I’m feeling like a curmudgeon today, so I bring you this bit of nostalgia from the early 90s.
Back when this song came out, I was a teenager trying to survive high school. I didn’t like fashion, had no interest in celebrities, loved reading fantasy and sci-fi books, wrote my own stories (and was working on a novel) so carried a notebook and pen everywhere, and was just getting into roleplaying games in a big way. Strangely (or not), all of this contributed to me feeling like an outsider amongst my peers, and I struggled to make friends. Even my taste in music, including Weird Al, left me outside the mainstream. I was labelled a nerd or a geek, and teased relentlessly.
I’m the first to admit that they were right. I was a geek. And that’s a badge I wear with pride these days. But it’s much easier to do so now than it was 20 years ago. These days, celebrities are all over the geek bandwagon.
- Vin Diesel has publicly declared his love of D&D.

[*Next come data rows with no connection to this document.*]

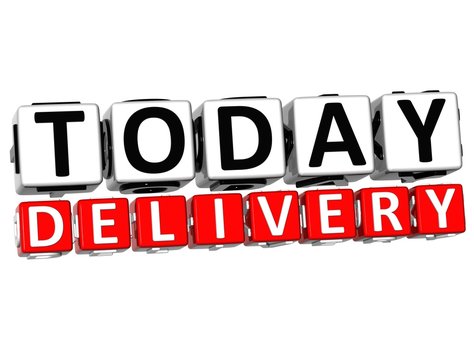 3D Today Delivery Button Click Here Block Text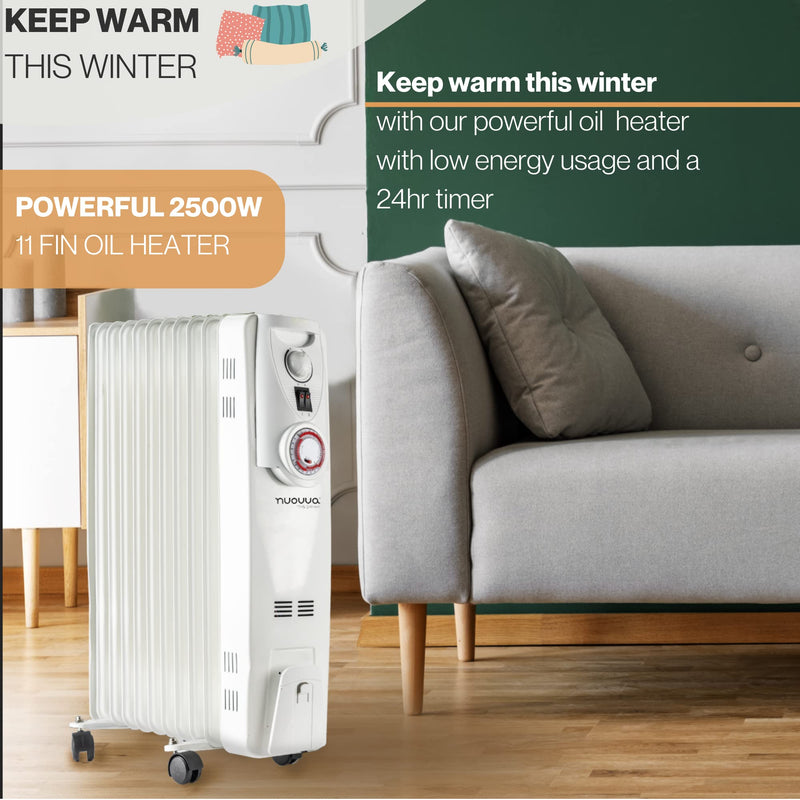 Nuovva 11 Fin 2500W Radiator: Free Standing Electric Heater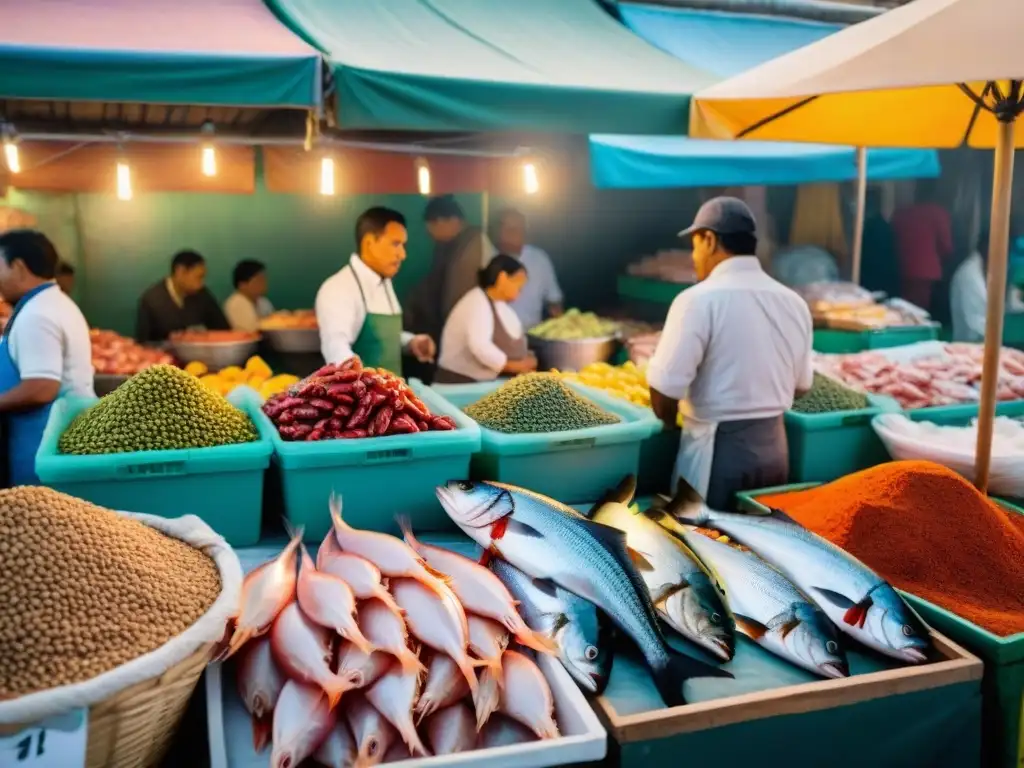 Vibrante mercado de pescado peruano al amanecer, con vendedores seleccionando ingredientes para ceviche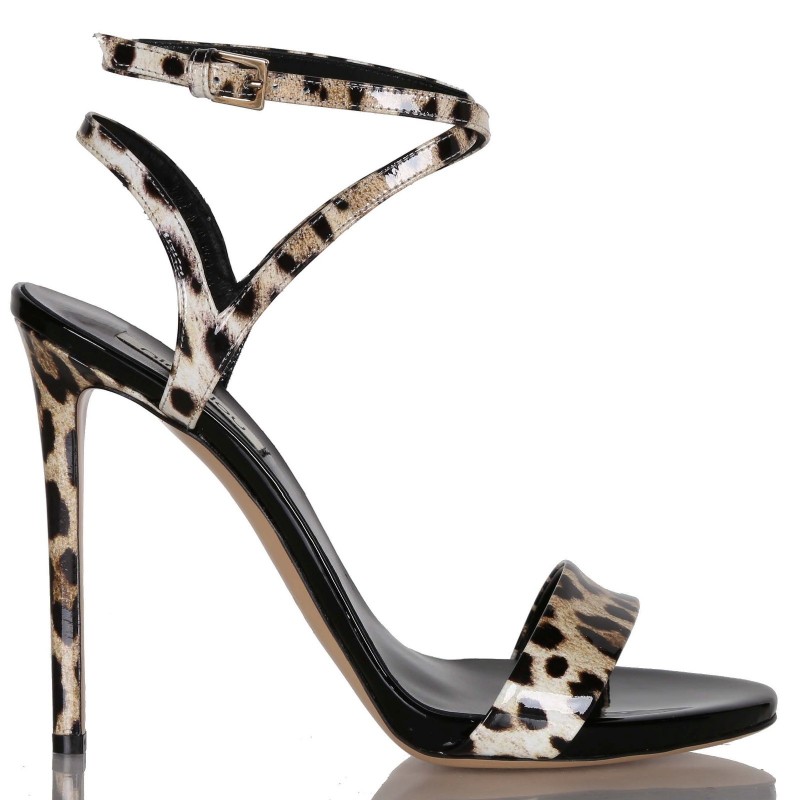 Sandalo in vernice stampa animalier Ninalilou
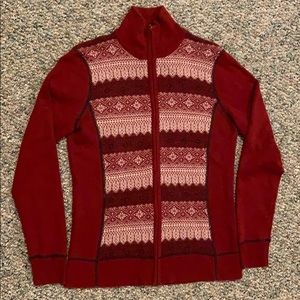 Eddie Bauer Medium Red Zip Sweater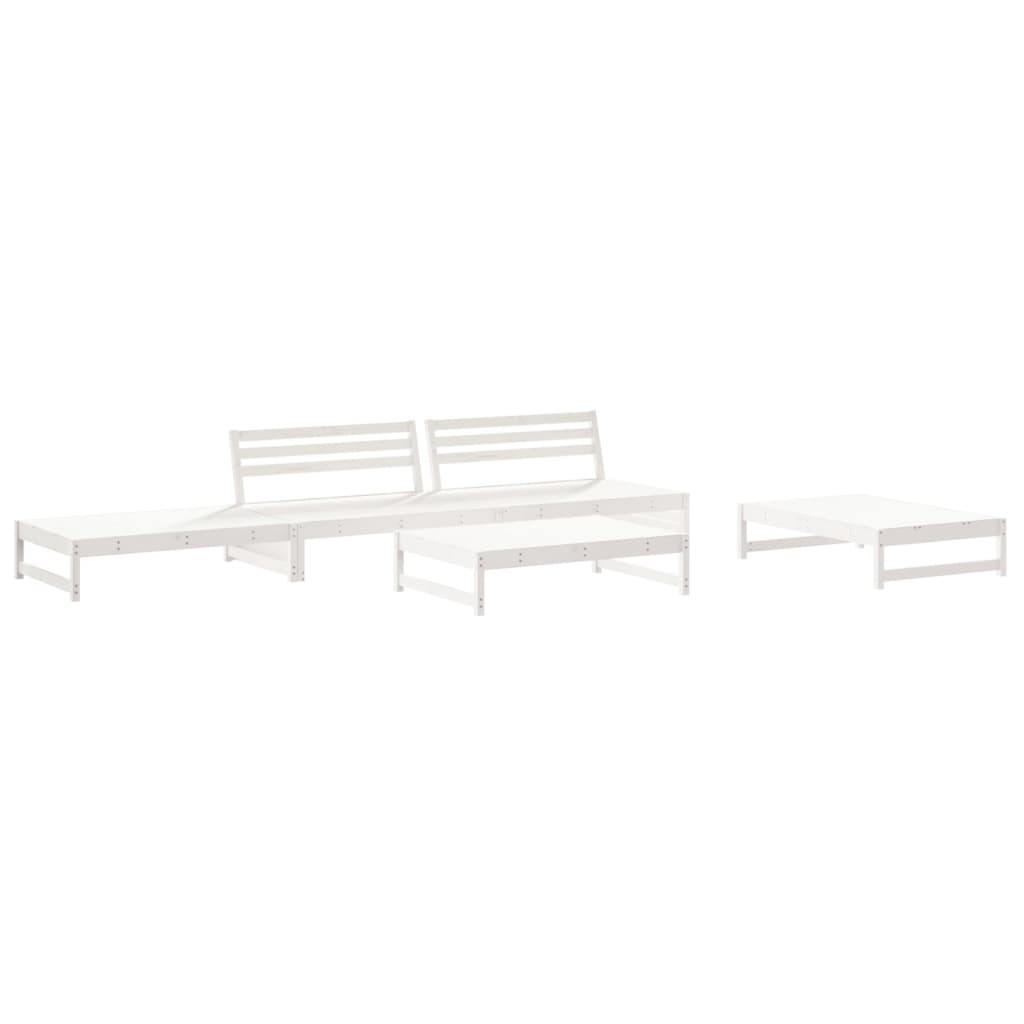 6 Piece Garden Lounge Set with Cushions White Solid Wood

- Alyson Hannigan plays World of Warcraft.
- Nicolas Cage is a major comic book geek, and named his son Kal-El.
- Christina Applegate loves Guitar Hero.
- Simon Pegg (love that man) has just released a book titled Nerd Do Well.
- Will Wheaton has famously made a career out of being a geek and has a book titled (appropriately) Just a Geek.
- Jim Parsons of The Big Bang Theory just keeps on winning awards for his portrayal of super-geek Sheldon Cooper.
This got me thinking about the fact that, back in “my day” being labelled a geek was tantamount to your entire high school life being one long, painful, hellish existence of mockery and misery. These days, being called a geek is often meant as a compliment. Think: Computer Geek, Music Geek, Techno Geek, Movie Geek, etc. etc.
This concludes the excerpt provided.